===== Raw data =====

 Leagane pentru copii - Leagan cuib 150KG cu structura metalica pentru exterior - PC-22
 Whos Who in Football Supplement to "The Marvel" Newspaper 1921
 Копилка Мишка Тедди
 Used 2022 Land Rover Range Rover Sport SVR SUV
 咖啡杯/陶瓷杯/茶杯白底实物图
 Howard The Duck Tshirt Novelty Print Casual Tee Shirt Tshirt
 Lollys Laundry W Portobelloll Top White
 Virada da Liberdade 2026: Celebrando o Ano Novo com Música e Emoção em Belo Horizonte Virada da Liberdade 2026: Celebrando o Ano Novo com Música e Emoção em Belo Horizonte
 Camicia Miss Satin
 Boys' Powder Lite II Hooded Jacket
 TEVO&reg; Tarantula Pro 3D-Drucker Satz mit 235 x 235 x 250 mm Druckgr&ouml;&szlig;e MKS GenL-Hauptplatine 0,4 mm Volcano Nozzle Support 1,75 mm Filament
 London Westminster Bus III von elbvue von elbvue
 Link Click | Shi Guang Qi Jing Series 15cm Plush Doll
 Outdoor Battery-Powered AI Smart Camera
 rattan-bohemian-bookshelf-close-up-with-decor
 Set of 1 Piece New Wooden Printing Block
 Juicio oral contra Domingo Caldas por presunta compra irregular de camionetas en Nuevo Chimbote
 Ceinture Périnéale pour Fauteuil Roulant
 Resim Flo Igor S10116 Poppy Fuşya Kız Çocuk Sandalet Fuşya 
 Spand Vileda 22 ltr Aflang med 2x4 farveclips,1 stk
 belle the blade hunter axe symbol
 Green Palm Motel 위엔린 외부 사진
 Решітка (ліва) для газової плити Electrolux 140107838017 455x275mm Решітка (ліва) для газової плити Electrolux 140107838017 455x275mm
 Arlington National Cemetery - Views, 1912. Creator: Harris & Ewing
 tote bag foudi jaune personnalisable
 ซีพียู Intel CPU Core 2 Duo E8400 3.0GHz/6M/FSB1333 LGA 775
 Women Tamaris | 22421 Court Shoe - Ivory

=====

» Required action: Copy out only the lines above from the one with "rattan-bohemian-bookshelf-close-up-with-decor" to the one with "tote bag foudi jaune personnalisable", inclusive, exactly as they stand.

» Reply:
 rattan-bohemian-bookshelf-close-up-with-decor
 Set of 1 Piece New Wooden Printing Block
 Juicio oral contra Domingo Caldas por presunta compra irregular de camionetas en Nuevo Chimbote
 Ceinture Périnéale pour Fauteuil Roulant
 Resim Flo Igor S10116 Poppy Fuşya Kız Çocuk Sandalet Fuşya 
 Spand Vileda 22 ltr Aflang med 2x4 farveclips,1 stk
 belle the blade hunter axe symbol
 Green Palm Motel 위엔린 외부 사진
 Решітка (ліва) для газової плити Electrolux 140107838017 455x275mm Решітка (ліва) для газової плити Electrolux 140107838017 455x275mm
 Arlington National Cemetery - Views, 1912. Creator: Harris & Ewing
 tote bag foudi jaune personnalisable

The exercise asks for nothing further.